We went for a jog this morning and were reminded that heat and humidity are not good companions while jogging. Even though we left the boat at 7am, it was WAY too hot and humid, especially for Cathryn who doesn’t tolerate heat well.


Carolyn and Susan on Sojourner had Looper friends from “Shirley Ruth” , a 42’ Grand Banks , arrive for the day  and invited us to join them. We haven’t met the crew of Shirley Ruth before, but they’re David, who is doing the Loop mostly with his friend Howard, and Shirley (couple on the left above), who still works and travels in international consulting out of New Jersey so is not on the Loop. David and Shirley arrived along with Shirley’s sister and another friend. So the eight of us walked the streets of Key West, mostly Duval Street, people watching and window shopping and occasionally buying something. It was lively and busy and fun.


At 5:30 we got a table at Sunset Pier near Mallory Square to watch the sunset. (Note to Merwin: you’ll be happy to know we finally ordered a Rum Runner: delicious drink!) The sunset was very different from two days ago, except still no Green Flash. But the moon is nearing full, and that was pretty too.


Life in Key West is exhilarating!

Thursday, February 21, 2013

First Full Day: Key West

Days on cruise:  285

On our way to breakfast this morning Carolyn and Susan took us by the Marilyn Monroe statue. Chicago had a gigantic one of these, as did Sarasota (remember Bob peering up her dress in a photo two weeks ago?), but this is the first life-size one we’ve seen. Her legs are a little longer than Cathryn’s.


Breakfast was at a beautiful and popular spot, Blue Heaven, selected by Carolyn and Susan, but also recommended by friend and blog follower Merwin from Nashville.


Bob and Cathryn had lobster omelet, which was, as you’d expect if you like shellfish, to-die-for good! Carolyn and Susan have been here long enough to find all the good places.


This afternoon we went for a long walk all over town. There are so many boats anchored out nearby that the dinghy dock is over-flowing, and owners pay $6.00/day or $80/month for use of the dinghy dock.


We wandered into the Turtle Museum where Cathryn picked up a tiny piece, a blown sea glass shell, and the guy on duty picked up his guitar and started singing a made-up-on-the-spot song to her about living on a boat. (LINK to one of his songs that he sang to another woman. We think he likes to hit on women?)


There are zillions of ENORMOUS boats here that make Next To Me look like a yacht’s tender.


Boats are coming in and out of the harbor all the time.


Flowers are in bloom everywhere.
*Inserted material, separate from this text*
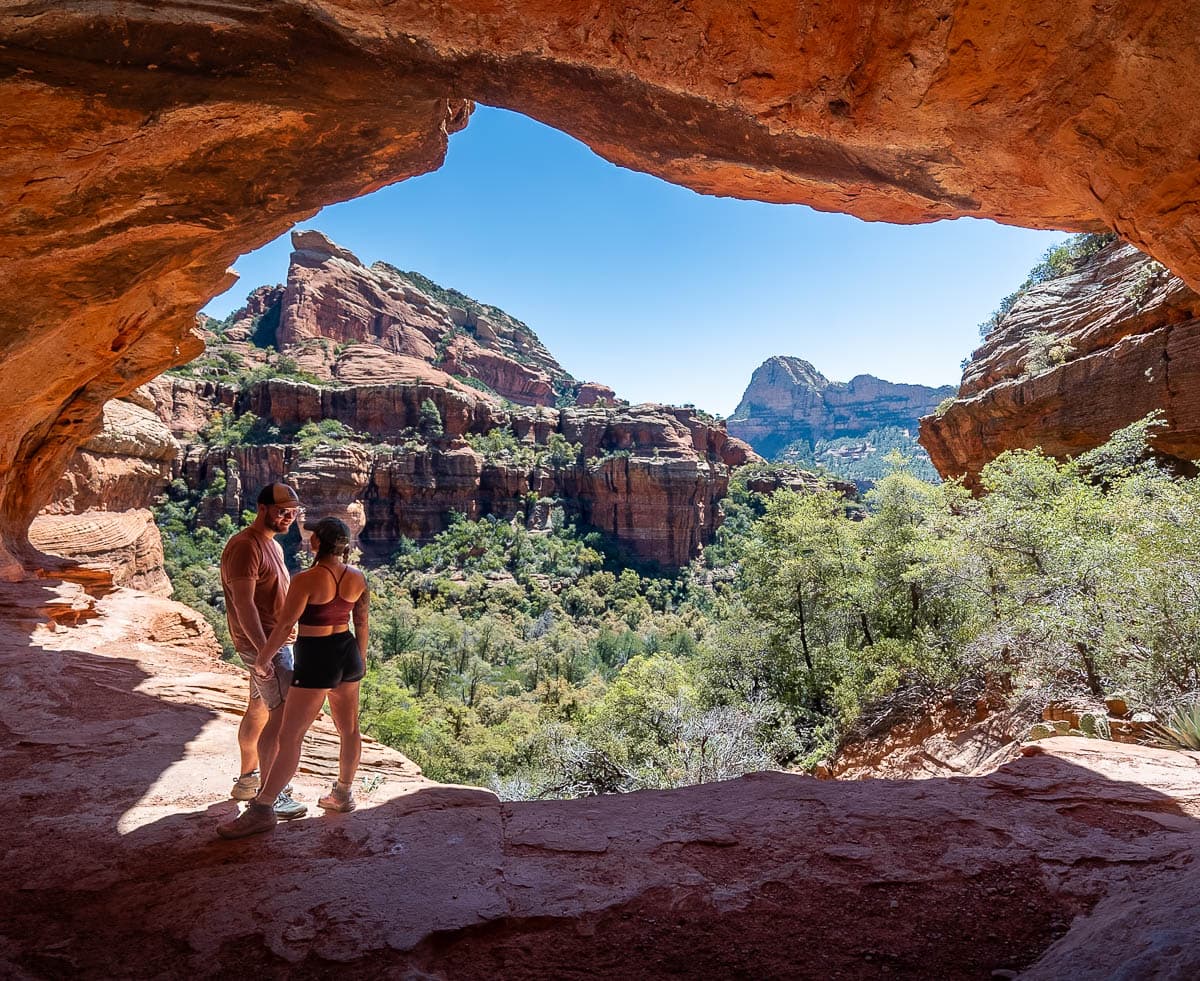 Couple standing along the ledge of the Subway Cave with rock formations in the background in Sedona, Arizona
Bougainvillea of course, but lots of other more exotic looking varieties too.


Note the top of a cruise ship peeking above the tower in Mallory Square.
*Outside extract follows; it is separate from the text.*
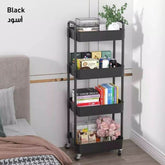 Black metal rolling cart with books and decorative items in a bedroom setting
The thing we love about Key West besides the winter weather is that it’s relaxed and comfortable, while also eccentric and stylish, in a manner like no other city. It’s an original.
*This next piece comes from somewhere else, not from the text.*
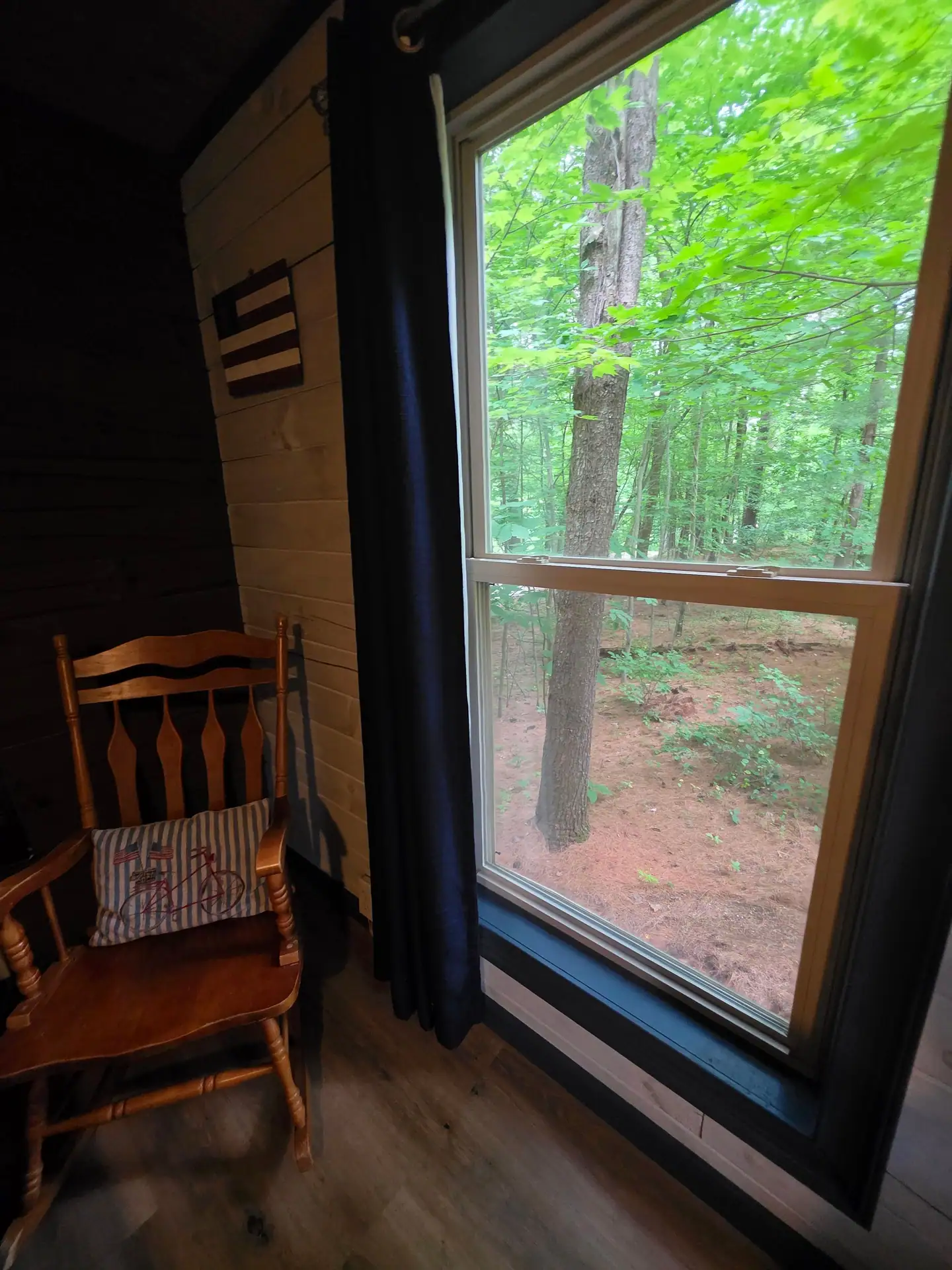 Wooden rocking chair beside a tall bedroom window at Eagles Nest cabin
There are so many gorgeous homes with stunning gardens that it’s hard to know when to stop taking photos.


But there’s no grass. Which makes a lot of sense in a place where the yards are small and water is not plentiful. But where do all the dogs do their business?

Late in the afternoon we had a knock on the hull, and there stood Dave and Sue from Georgian Bay in Canada, along with John and Pat. We hadn’t seen them in 8 months and didn’t know they were here, so were pleasantly surprised! John and Pat own a winter home near Tampa, and Dave and Sue are here to visit. They came on board for an hour’s visit, and it was great to see them again (sadly, none of the photos turned out well – bad afternoon light on the sundeck).

The day ended with a delicious dinner with Carolyn and Susan at Solo where we had wine and appetizers for dinner at Happy Hour prices. We’re enjoying the city and catching up with Sojourner’s crew.